His gallery will be showing a rediscovered portrait by the Milanese artist Giulio Cesare Procaccini of the fast-living, early-17th-century Italian actress Orsola Pomoni Cecchini, known as Flaminia Comica. Baroque portraits of actresses are rare and this canvas will be priced at $2.6m.
One of the most significant discoveries on show at this year’s Tefaf will be the finely preserved Bartholomeus Spranger canvas, Venus and Cupid with Mercury and Psyche – An Allegory (around 1600), being shown by the London dealer Mark Weiss with a price tag of $5.5m. Bought from an Italian private collection and not seen on the auction market since the mid-18th century, this tour-de-force of Northern Mannerist painting was thought to have been a commission for Rudolf II, Holy Roman Emperor, at Prague Castle. It is just the sort of late Renaissance picture that could appeal to US museums, whose collections contain few paintings by Spranger –and who often have pockets deep enough to afford this calibre of work.

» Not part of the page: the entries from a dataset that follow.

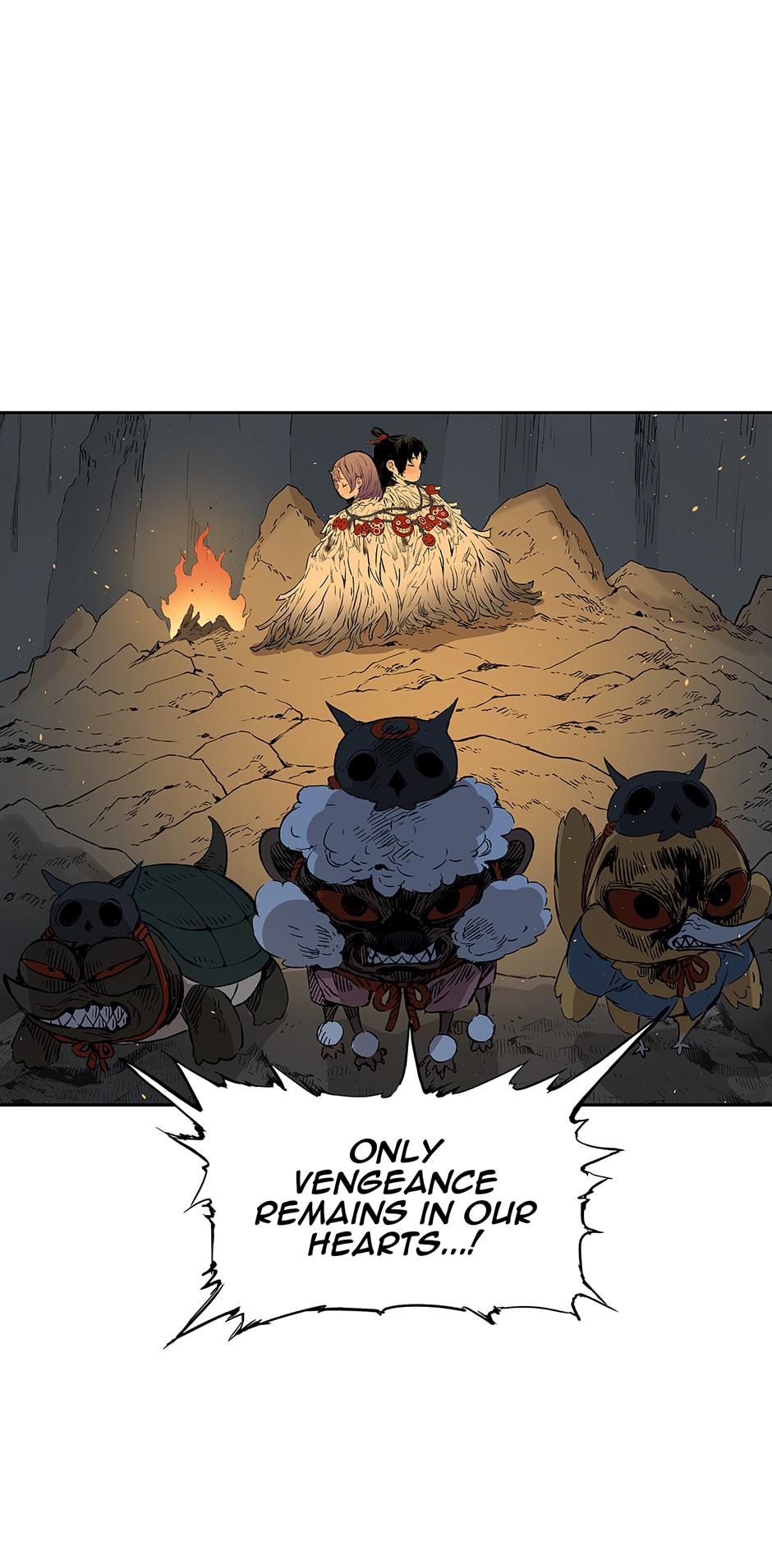 Read Child of the Sheath EN Manga Online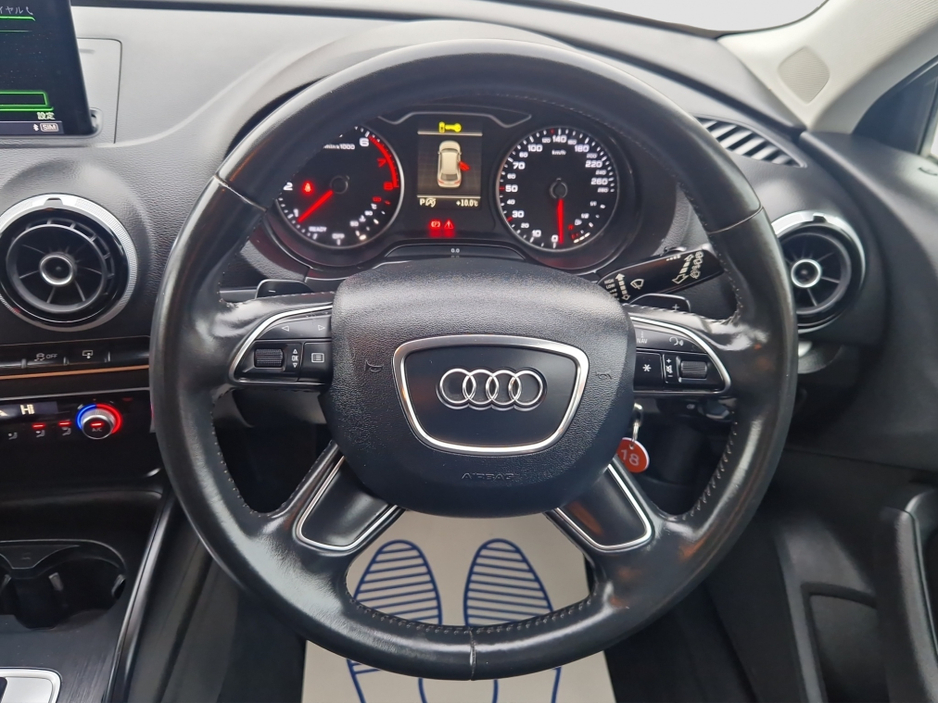 Audi A3 2016 1.4 PETROL TFSI AUTOMATIC *FINANCE* — thumbnail 14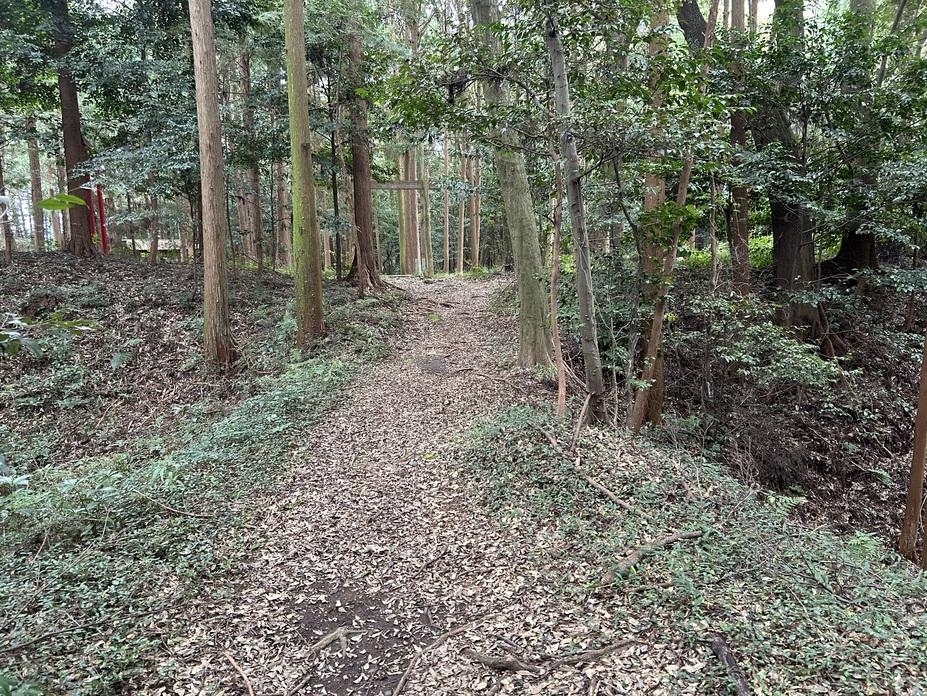 野田城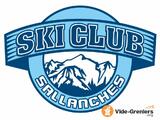 Photo Vide Grenier du Ski Club Sallanches à Sallanches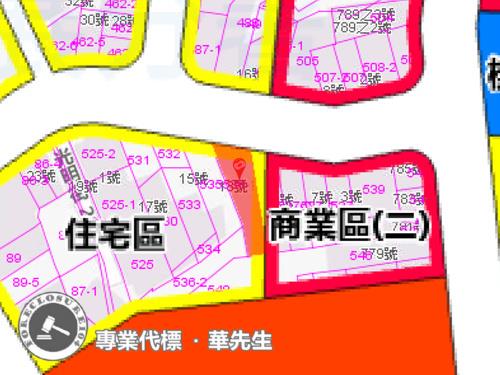 新豐透天法拍-6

Fear that the opening of two annual sister fairs in New York in 2016 would discourage US clients from visiting Tefaf Maastricht appear to be unfounded, at least when it comes to institutions, exhibitors say. “American museums get a budget from donors every year and they keep on buying,” says the Geneva-based exhibitor Salomon Lilian, who, at Tefaf Maastricht 2019, sold Old Masters priced between $1m to $1.5m to the Museum of Fine Arts in Boston, the Cleveland Museum of Art and the Art Institute of Chicago.
But paintings in the €100,000-€300,000 range have become difficult to sell. “We used to sell nice, but not museum quality, pictures to Belgian and Dutch private clients, but they’ve disappeared,” Lilian says. He has high hopes for the hitherto-unrecorded, signed panel painting Merry Company in an Inn, by the 17th-century Dutch master Jan Steen, priced at €700,000. “Jan Steen is old-fashioned taste, but it’s a big name,” he says.
Shockingly, the same could now be said about Rembrandt. This year’s Tefaf will showcase a fine impression of the Dutch artist’s signed and dated 1638 etching, Adam and Eve, famously showing the serpent with legs and an elephant galumphing through the Garden of Eden in the background. Acquired at auction more than 20 years ago, this is being brought by the Tefaf stalwarts H.H. Rumbler of Frankfurt. The gallery director Petra Rumbler says her particular niche of Old Masters has not changed that much. “Our collectors are not really investment clients,” she says. “They are very serious. It’s not like the US, where people keep things for three years and then make a profit.”
The €350,000 being asked for her Rembrandt seems a serious enough price. But it is a sign of our times that it appears inexpensive compared with the $493,000 (with fees) paid for a 2004 Banksy Girl with Balloon screenprint at a Christie’s auction in September.
Dealers, unlike the auction houses, cannot try to reinvent the market for Old Masters–even the biggest simply do not have the marketing budget or reach. Tefaf Maastricht is what it is. But it isn’t what it was.